I've been having a pretty rough time lately, dealing with some things that I need to deal with. Those close enough know what I'm talking about, those that don't probably don't need to know. I decided to get out of the house for a while and go maybe write something... so I came downtown, ordered some tea, and then started pulling up old stories and looking them over.
I thought for a while about writing more about Victoria, who's a character I dearly love, but I'm not sure what aspect of her life I should focus on next. Or if I should focus on her alley gator instead. Nothing spun up, so I closed that door and looked through others. Several small snippets rose and fell before the thresher of my mind, and then I started to think about spiders. I started to think about writing a story about how the first creature to reach space was a spider that had ballooned too high, and then I discarded that idea as lame. I mean who would want to read that? Seems just stupid to me, so like so many other ideas, I threw it aside.

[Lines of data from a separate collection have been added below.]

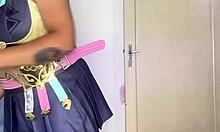 getting all oiled up in my huge ass cosplay outfit for con 😏🍑 varesa genshin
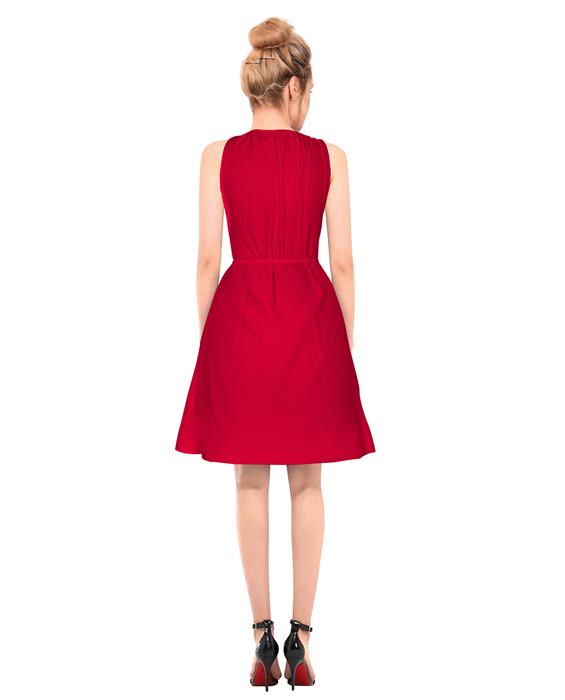 Cruze Designer Red Dress Zyla Fashion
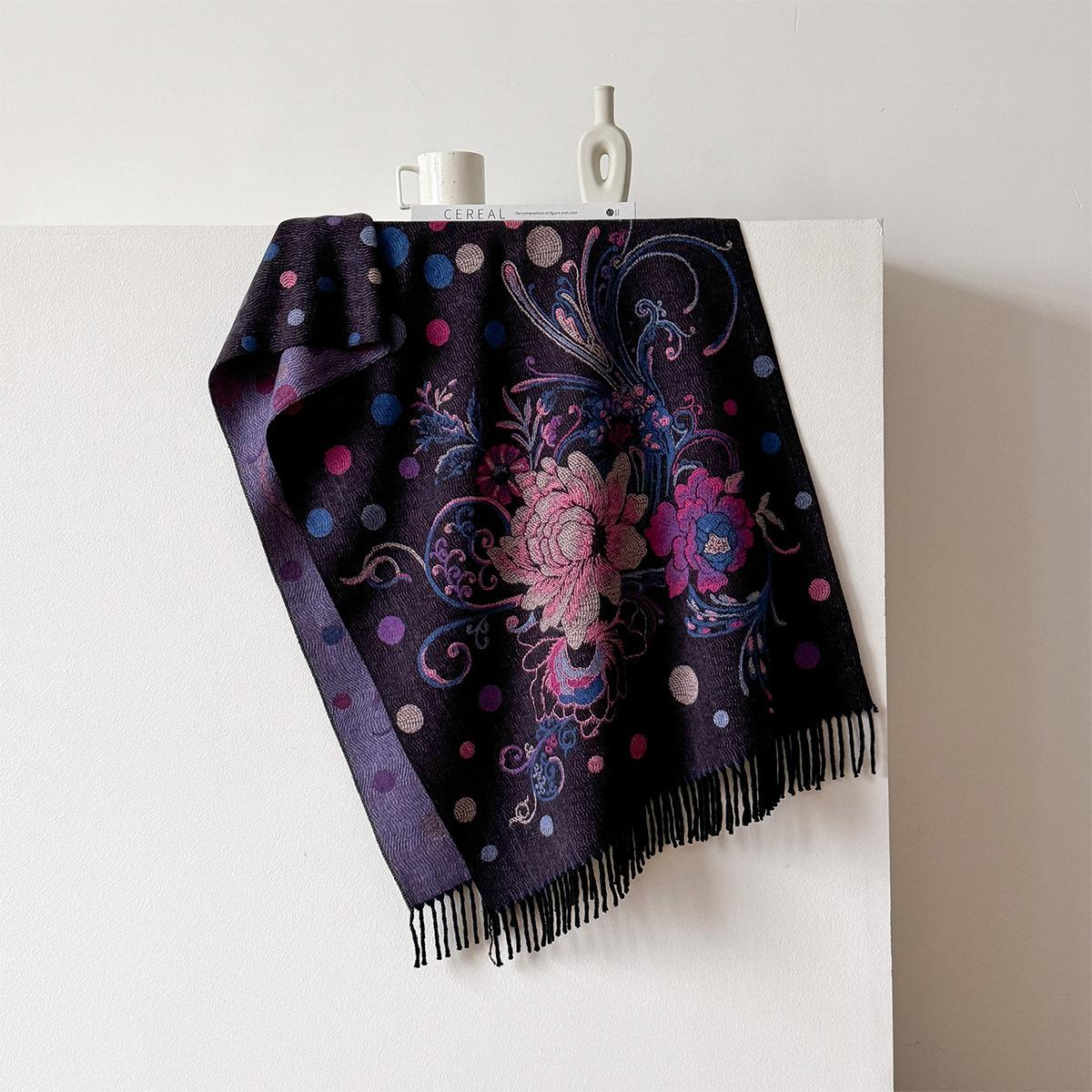 Новые шарфы с растительным цветочным узором, имитация кашемира, с кисточками, теплый шарф, накидка с характером для женщины, роскошная длинная шаль, кашне, хиджаб 65x200cm
Новые шарфы с растительным цветочным узором, имитация кашемира, с кисточками, теплый шарф, накидка с характером для женщины, роскошная длинная шаль, кашне, хиджаб 65x200cm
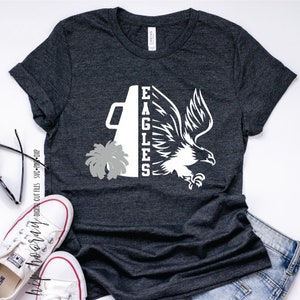 Eagles Cheer Football BasketBall SVG Cheerleading Coach Mom Shirt Fall Friday Night Lights  Mascot Team Spirit Eagle tshirt vinyl clipart
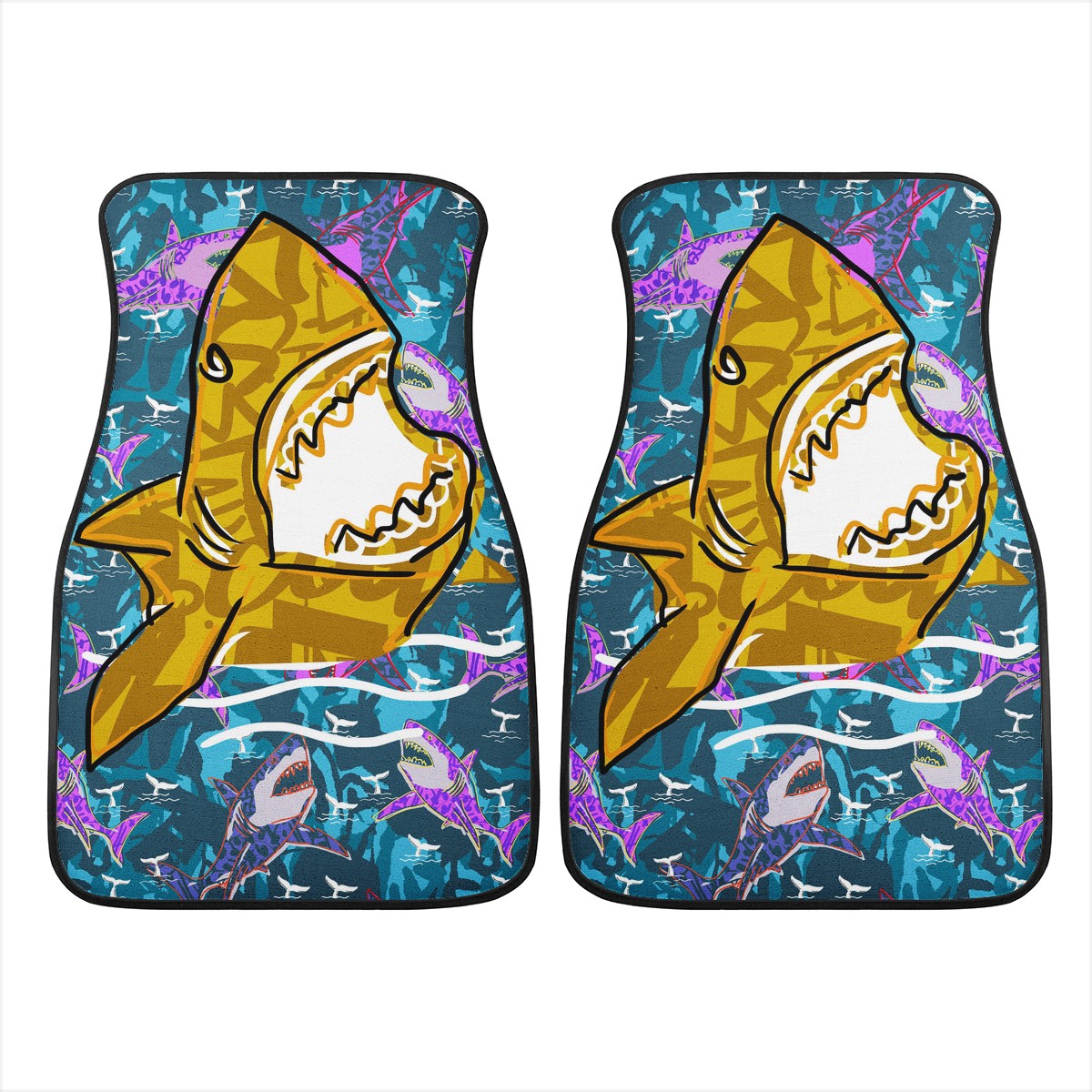Shark Custom Car Floor Mats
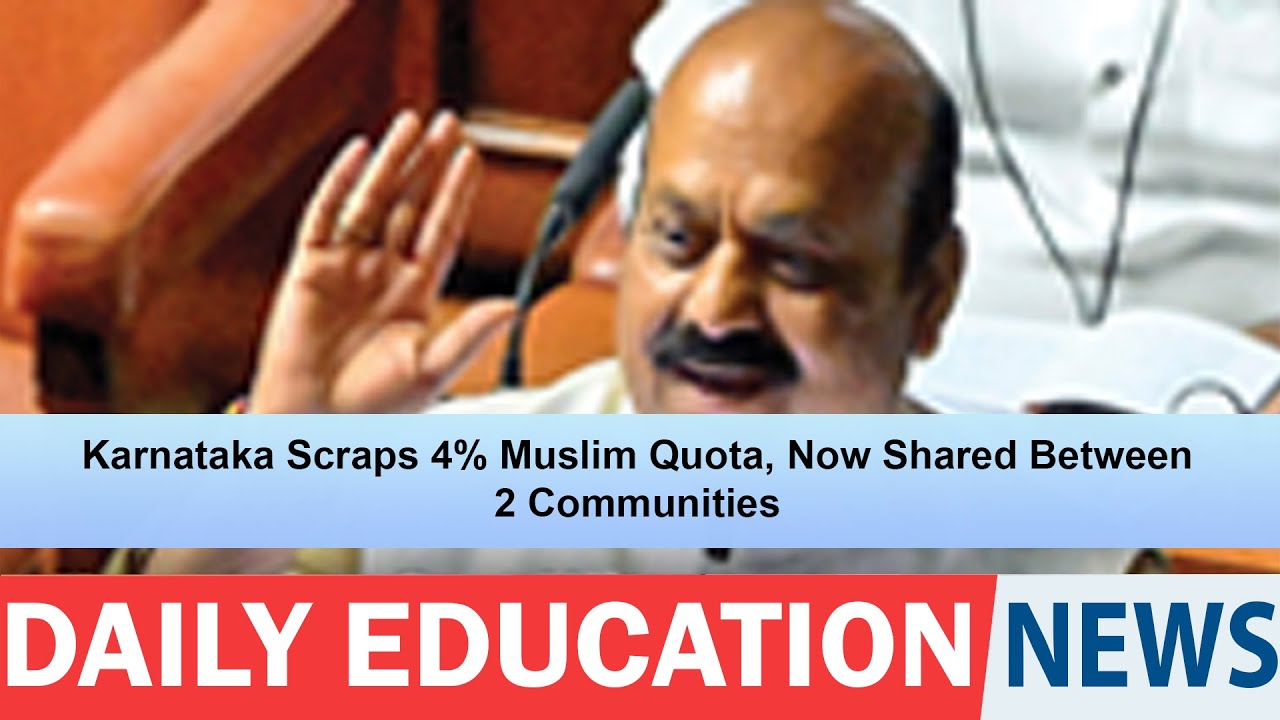 Karnataka Scraps 4% Muslim Quota, Now Shared Between 2 Communities.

And I'm sitting there, staring now at old photos, my mind wandering to places where no torches burn, and I look down and I have a little friend sitting on my keyboard. This spider. Wendy. Nature, yet again, comes to tap me on the shoulder and say "Hey bro. Gonna be alright."
So I sit back and watch her for a while, and she scrambles across my keyboard and skitters towards the screen, crawls part way up it then over to the side, and runs over to my phone's charge cable. She's been sitting there for the last ten minutes as I just stare at her and sit and think. And so I decided to take a picture, and then write about it.

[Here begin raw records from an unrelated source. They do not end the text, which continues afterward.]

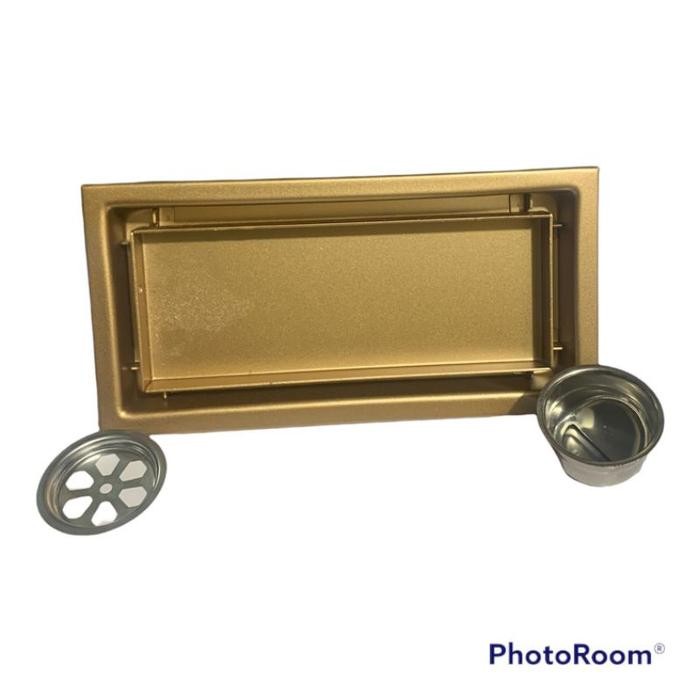 Smart Floor Drain Insert Tile Gold Saringan Kamar Mandi Isi Keramik
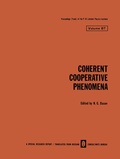 Cover: Coherent Cooperative Phenomena - Springer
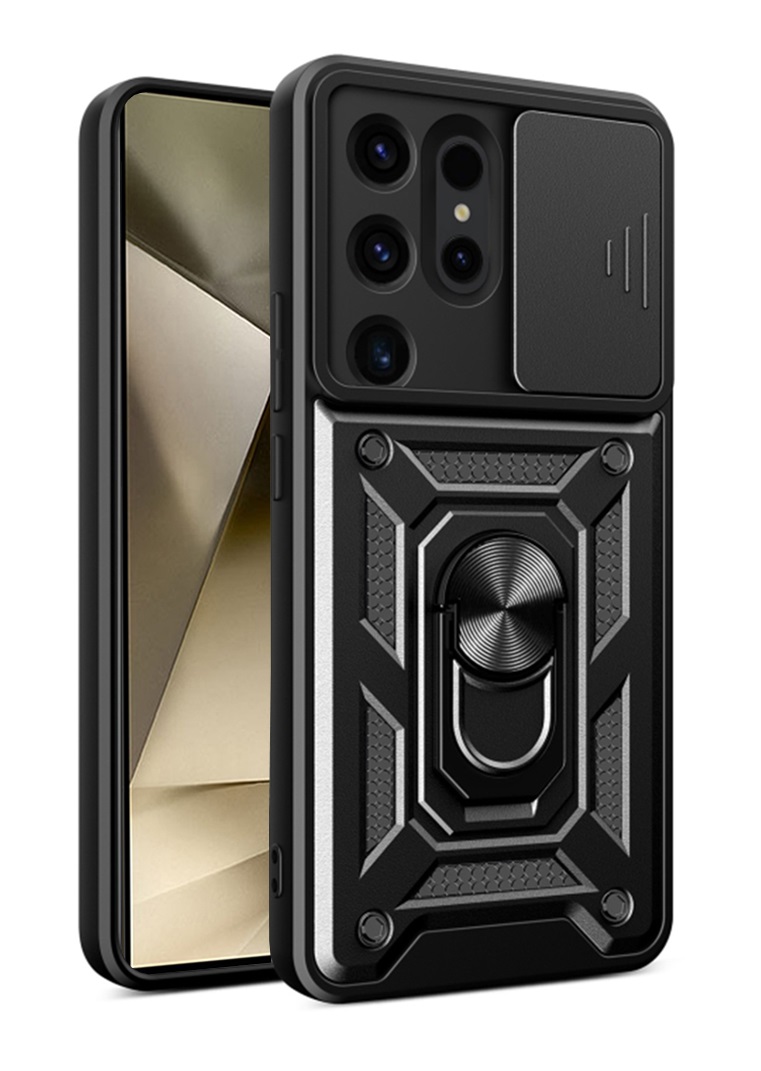 Ultra odolný zadní kryt Armor Lens na Samsung S24 Ultra černý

My own experiences with spiders started pretty young, with one of my uncles either going through an entymology phase or just having a severe hardon for spiders. His wall was covered in dead spiders all put up on display. I don't remember how the conversation came up, but I do remember him telling me once that spiders are very good luck, and you should never kill one if you could in any way avoid it. They're great house guests: They're clean, they help keep other pests away, they prefer to stay out of sight, and they create their own art.

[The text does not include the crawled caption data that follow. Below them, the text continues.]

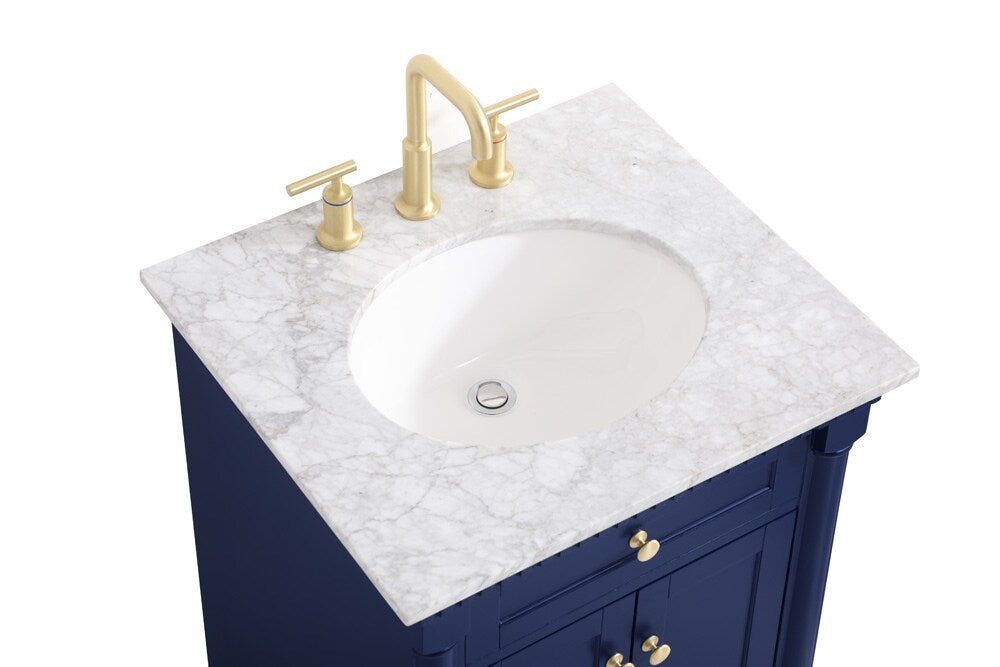Elegant Furniture & Lighting - Clarence 24 inch Single bathroom vanity in Blue - VF53024BL veiw 3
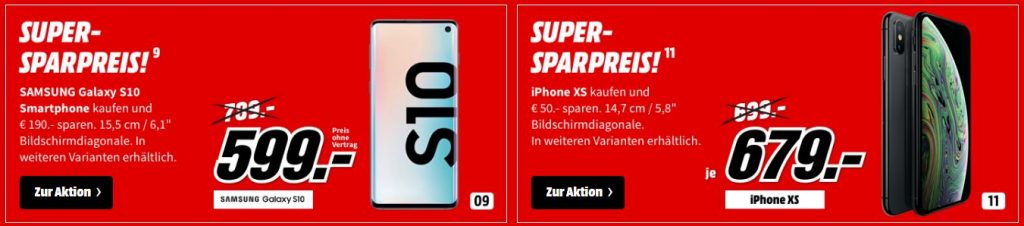 MediaMarkt Gutscheinheft Aktion mit Direktabzügen bis zu 190,- Euro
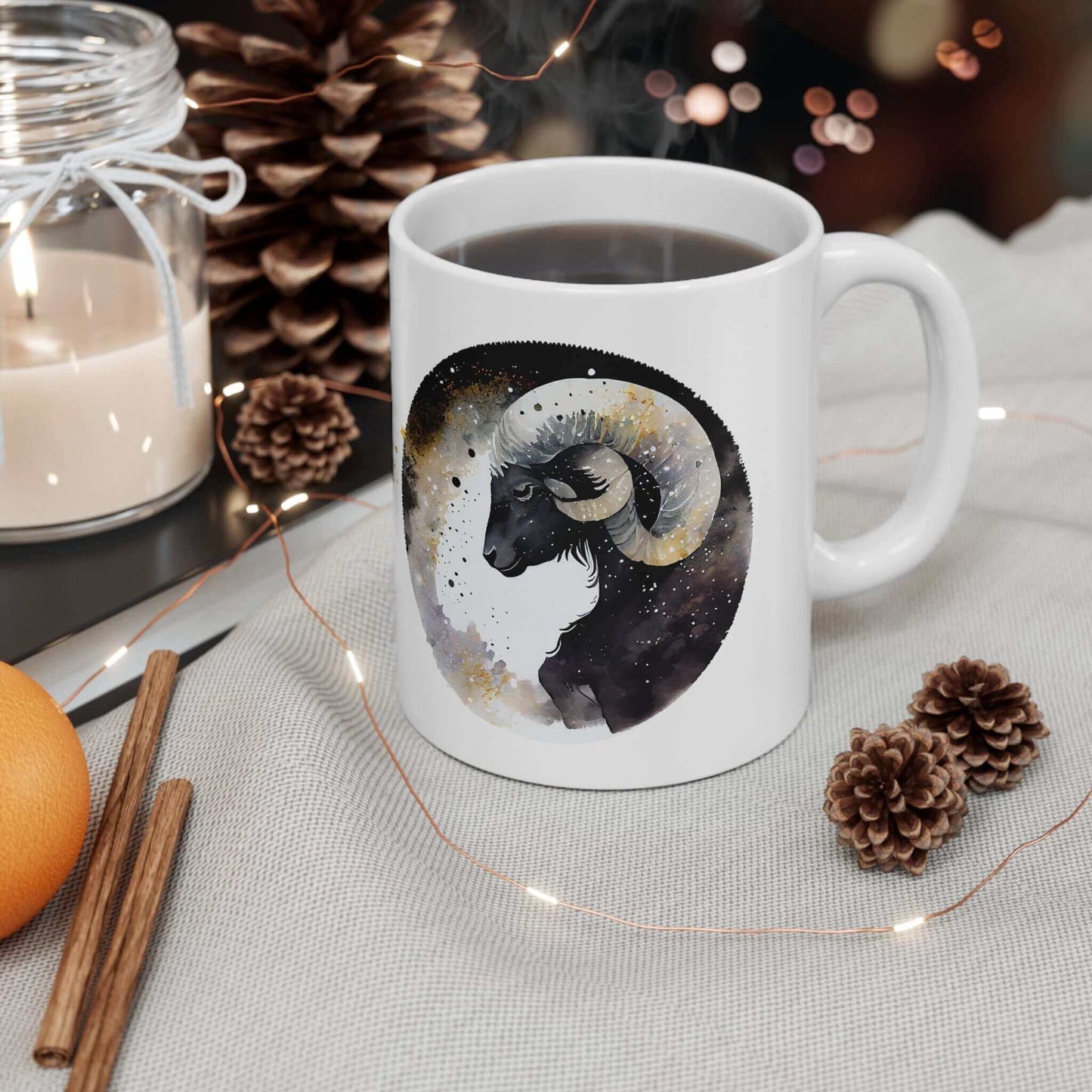 Aries coffee mug zodiac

I could use a little luck right now, and a little art, and little Wendy here seemed to have known. She still hasn't moved from that cable, going on twenty minutes now. My mind spins in weird directions and I wonder if she's a happy spider. Spiders have some pretty amazing neural work, and I figure there has to be emotions in there somewhere. Has she already picked this place as her home? Is she going to live her eight legged life out at the Root Note Hipster Cafe? Will she ride someone's clothes out side, maybe latch on to some thick horn rim pair of hipster glasses and gain her freedom to the streets of Lacrosse? Will she catch a steady wind and fly away to some exotic place over the bluffs where there is no concrete? Will she have children, will she live a long spider life or be snuffed out by a cruel boot or some other hunter?
And I wonder what she thinks of this giant thing clattering on keys nearby. Why is she sitting here staring at me? I mean if I were her, I'd probably want some more distance from this giant mass of pale flesh and hair. But she stands there fearless, keeping a few eyes on me.
And I still can't think of anything to write. So maybe I will honor her life by writing about a spider.